Work item ▸ With both ends included, repeat exactly the lines of the entries below from the one containing "透き通るような白い肌にＧカッ" down to the one containing "Old suspension, said", and no others.

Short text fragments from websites
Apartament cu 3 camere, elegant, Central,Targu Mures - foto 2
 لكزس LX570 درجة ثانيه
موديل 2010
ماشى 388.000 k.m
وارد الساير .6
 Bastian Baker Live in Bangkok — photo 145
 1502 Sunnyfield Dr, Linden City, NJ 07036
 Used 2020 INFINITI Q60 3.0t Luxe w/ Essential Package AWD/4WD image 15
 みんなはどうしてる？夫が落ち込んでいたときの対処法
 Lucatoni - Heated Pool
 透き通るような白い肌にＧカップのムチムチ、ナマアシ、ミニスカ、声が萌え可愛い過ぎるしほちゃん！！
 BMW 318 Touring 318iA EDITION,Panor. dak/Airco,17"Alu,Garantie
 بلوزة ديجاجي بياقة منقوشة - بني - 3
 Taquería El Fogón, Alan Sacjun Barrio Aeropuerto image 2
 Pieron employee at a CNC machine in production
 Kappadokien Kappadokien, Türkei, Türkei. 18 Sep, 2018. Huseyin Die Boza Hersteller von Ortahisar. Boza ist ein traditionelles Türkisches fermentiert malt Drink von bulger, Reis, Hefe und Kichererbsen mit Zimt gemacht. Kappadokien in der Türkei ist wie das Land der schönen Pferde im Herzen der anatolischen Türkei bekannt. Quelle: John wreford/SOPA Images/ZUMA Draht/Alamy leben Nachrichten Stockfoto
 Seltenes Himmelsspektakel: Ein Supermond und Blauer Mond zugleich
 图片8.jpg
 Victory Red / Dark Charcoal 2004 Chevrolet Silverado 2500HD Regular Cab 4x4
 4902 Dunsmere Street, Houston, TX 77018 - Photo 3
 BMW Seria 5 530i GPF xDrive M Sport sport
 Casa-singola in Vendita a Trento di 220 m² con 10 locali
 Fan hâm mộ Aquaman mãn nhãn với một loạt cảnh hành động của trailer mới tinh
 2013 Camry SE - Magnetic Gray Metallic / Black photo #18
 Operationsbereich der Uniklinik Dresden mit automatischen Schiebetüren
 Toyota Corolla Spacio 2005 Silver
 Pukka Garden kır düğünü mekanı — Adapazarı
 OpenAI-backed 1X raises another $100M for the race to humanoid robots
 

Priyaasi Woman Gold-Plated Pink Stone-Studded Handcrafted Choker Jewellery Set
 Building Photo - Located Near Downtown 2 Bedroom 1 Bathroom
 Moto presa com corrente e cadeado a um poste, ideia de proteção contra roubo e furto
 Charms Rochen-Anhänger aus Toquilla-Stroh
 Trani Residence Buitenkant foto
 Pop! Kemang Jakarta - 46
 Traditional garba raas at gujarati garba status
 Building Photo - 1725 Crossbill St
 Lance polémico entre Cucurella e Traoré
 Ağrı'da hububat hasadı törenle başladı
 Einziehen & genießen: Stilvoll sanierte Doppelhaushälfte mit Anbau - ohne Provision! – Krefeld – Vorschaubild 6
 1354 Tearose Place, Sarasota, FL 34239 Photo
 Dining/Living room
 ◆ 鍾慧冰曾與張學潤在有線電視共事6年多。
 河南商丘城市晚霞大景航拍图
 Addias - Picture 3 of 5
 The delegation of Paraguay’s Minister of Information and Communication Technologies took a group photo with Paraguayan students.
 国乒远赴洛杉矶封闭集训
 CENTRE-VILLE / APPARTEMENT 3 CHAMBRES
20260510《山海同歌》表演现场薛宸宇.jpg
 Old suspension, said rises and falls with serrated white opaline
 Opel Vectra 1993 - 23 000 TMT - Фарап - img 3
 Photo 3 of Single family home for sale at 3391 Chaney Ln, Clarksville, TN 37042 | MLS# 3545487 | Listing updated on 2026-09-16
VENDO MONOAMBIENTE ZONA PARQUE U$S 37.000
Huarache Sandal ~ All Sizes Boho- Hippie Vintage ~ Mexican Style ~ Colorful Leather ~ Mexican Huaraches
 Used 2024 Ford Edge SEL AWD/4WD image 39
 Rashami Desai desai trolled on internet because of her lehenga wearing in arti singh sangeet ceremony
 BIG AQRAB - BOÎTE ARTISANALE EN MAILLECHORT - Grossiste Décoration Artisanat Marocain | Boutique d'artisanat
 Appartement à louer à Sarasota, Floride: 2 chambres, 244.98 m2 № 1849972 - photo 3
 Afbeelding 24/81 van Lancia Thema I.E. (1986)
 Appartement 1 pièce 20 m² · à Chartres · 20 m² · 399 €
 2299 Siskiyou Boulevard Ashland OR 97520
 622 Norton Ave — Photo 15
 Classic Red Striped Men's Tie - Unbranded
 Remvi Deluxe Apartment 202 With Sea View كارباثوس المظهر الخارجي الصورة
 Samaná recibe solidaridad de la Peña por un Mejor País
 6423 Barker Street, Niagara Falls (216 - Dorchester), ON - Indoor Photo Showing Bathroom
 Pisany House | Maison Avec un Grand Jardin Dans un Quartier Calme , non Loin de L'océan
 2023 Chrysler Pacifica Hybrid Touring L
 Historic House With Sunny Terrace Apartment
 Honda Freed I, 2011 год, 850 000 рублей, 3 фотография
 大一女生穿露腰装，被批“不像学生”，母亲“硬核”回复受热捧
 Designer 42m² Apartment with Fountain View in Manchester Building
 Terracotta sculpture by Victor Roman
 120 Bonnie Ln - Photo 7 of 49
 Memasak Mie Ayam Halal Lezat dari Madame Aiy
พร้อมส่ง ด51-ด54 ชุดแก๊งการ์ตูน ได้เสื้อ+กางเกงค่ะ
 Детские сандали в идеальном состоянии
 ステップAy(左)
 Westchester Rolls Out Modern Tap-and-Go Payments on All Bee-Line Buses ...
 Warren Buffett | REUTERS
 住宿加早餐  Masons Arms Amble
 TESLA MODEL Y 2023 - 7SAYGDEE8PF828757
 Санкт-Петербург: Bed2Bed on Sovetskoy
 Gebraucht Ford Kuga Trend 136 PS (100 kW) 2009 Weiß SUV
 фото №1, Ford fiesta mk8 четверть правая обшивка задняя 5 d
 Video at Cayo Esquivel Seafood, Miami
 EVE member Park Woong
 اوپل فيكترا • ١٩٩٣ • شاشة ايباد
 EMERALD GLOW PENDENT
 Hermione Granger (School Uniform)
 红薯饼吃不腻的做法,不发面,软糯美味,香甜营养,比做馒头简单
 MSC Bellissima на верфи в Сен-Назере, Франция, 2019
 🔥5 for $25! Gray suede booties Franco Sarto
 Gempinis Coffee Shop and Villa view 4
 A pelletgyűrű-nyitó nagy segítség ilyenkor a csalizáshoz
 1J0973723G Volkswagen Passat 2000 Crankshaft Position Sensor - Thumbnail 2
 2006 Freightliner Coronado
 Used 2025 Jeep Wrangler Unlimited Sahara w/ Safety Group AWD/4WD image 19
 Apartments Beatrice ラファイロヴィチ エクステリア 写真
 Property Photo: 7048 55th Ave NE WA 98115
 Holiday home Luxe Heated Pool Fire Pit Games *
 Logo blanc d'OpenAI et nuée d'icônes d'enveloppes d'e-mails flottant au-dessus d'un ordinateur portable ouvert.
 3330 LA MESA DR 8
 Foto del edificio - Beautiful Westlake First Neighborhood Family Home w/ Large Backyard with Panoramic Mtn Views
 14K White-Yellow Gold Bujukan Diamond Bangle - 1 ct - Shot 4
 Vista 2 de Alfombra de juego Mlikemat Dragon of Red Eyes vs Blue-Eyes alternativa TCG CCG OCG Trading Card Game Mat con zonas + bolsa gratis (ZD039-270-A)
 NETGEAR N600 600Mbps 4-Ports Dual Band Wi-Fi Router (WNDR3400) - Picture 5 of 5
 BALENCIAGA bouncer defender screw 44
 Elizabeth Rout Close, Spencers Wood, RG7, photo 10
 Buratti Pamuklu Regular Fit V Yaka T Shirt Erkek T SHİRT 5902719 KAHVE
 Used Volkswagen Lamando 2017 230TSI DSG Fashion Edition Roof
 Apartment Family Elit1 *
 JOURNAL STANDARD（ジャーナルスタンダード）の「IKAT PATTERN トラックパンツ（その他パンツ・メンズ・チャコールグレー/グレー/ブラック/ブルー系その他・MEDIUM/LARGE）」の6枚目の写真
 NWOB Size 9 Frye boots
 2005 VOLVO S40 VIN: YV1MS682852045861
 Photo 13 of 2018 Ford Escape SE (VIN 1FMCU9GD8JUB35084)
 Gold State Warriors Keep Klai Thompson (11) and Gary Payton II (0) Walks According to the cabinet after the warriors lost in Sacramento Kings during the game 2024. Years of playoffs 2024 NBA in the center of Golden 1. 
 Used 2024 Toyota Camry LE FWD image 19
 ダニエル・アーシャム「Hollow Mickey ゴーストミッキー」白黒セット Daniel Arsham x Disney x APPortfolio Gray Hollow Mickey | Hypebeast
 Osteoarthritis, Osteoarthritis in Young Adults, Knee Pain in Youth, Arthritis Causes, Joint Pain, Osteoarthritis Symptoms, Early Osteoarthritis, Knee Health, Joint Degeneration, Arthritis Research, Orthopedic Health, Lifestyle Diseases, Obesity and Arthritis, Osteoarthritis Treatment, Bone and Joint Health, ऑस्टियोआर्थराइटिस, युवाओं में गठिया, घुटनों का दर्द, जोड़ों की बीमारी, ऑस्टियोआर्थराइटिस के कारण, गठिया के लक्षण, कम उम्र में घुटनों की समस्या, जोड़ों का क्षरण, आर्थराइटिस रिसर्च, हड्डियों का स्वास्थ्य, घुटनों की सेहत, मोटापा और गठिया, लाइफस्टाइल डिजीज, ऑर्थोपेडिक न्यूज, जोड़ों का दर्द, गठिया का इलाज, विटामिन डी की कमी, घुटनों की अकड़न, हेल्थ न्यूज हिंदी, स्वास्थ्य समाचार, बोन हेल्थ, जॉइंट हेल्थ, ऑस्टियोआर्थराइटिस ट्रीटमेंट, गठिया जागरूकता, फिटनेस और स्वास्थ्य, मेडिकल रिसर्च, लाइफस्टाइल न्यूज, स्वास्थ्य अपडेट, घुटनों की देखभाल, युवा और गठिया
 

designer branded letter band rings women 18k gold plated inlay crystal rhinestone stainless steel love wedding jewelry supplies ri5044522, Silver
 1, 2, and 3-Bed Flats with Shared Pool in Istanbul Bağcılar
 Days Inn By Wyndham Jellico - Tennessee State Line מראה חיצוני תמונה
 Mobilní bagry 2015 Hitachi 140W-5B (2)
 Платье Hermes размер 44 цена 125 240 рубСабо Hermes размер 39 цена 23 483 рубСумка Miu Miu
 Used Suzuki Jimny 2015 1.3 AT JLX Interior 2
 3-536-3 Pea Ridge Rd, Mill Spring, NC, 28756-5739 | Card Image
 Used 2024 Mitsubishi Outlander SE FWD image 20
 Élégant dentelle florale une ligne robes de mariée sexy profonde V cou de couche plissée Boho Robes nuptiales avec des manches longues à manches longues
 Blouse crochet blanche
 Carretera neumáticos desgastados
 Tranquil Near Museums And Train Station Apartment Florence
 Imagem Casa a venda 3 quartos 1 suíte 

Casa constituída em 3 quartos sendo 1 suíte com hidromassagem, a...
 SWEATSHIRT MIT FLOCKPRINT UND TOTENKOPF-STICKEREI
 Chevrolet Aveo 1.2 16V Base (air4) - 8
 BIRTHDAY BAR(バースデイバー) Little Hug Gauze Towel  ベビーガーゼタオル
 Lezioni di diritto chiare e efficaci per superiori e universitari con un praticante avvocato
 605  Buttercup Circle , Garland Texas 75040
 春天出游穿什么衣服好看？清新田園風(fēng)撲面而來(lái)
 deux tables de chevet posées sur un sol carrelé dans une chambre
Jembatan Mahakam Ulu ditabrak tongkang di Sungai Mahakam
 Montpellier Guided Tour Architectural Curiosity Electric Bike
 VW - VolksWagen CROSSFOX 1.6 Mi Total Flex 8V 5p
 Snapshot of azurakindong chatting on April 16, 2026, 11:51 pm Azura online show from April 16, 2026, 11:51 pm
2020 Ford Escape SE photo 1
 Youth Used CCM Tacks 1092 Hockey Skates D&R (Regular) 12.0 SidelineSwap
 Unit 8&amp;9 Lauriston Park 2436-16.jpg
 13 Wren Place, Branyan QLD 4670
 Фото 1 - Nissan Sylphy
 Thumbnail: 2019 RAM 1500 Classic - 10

Task response ▸
 透き通るような白い肌にＧカップのムチムチ、ナマアシ、ミニスカ、声が萌え可愛い過ぎるしほちゃん！！
 BMW 318 Touring 318iA EDITION,Panor. dak/Airco,17"Alu,Garantie
 بلوزة ديجاجي بياقة منقوشة - بني - 3
 Taquería El Fogón, Alan Sacjun Barrio Aeropuerto image 2
 Pieron employee at a CNC machine in production
 Kappadokien Kappadokien, Türkei, Türkei. 18 Sep, 2018. Huseyin Die Boza Hersteller von Ortahisar. Boza ist ein traditionelles Türkisches fermentiert malt Drink von bulger, Reis, Hefe und Kichererbsen mit Zimt gemacht. Kappadokien in der Türkei ist wie das Land der schönen Pferde im Herzen der anatolischen Türkei bekannt. Quelle: John wreford/SOPA Images/ZUMA Draht/Alamy leben Nachrichten Stockfoto
 Seltenes Himmelsspektakel: Ein Supermond und Blauer Mond zugleich
 图片8.jpg
 Victory Red / Dark Charcoal 2004 Chevrolet Silverado 2500HD Regular Cab 4x4
 4902 Dunsmere Street, Houston, TX 77018 - Photo 3
 BMW Seria 5 530i GPF xDrive M Sport sport
 Casa-singola in Vendita a Trento di 220 m² con 10 locali
 Fan hâm mộ Aquaman mãn nhãn với một loạt cảnh hành động của trailer mới tinh
 2013 Camry SE - Magnetic Gray Metallic / Black photo #18
 Operationsbereich der Uniklinik Dresden mit automatischen Schiebetüren
 Toyota Corolla Spacio 2005 Silver
 Pukka Garden kır düğünü mekanı — Adapazarı
 OpenAI-backed 1X raises another $100M for the race to humanoid robots
 

Priyaasi Woman Gold-Plated Pink Stone-Studded Handcrafted Choker Jewellery Set
 Building Photo - Located Near Downtown 2 Bedroom 1 Bathroom
 Moto presa com corrente e cadeado a um poste, ideia de proteção contra roubo e furto
 Charms Rochen-Anhänger aus Toquilla-Stroh
 Trani Residence Buitenkant foto
 Pop! Kemang Jakarta - 46
 Traditional garba raas at gujarati garba status
 Building Photo - 1725 Crossbill St
 Lance polémico entre Cucurella e Traoré
 Ağrı'da hububat hasadı törenle başladı
 Einziehen & genießen: Stilvoll sanierte Doppelhaushälfte mit Anbau - ohne Provision! – Krefeld – Vorschaubild 6
 1354 Tearose Place, Sarasota, FL 34239 Photo
 Dining/Living room
 ◆ 鍾慧冰曾與張學潤在有線電視共事6年多。
 河南商丘城市晚霞大景航拍图
 Addias - Picture 3 of 5
 The delegation of Paraguay’s Minister of Information and Communication Technologies took a group photo with Paraguayan students.
 国乒远赴洛杉矶封闭集训
 CENTRE-VILLE / APPARTEMENT 3 CHAMBRES
20260510《山海同歌》表演现场薛宸宇.jpg
 Old suspension, said rises and falls with serrated white opaline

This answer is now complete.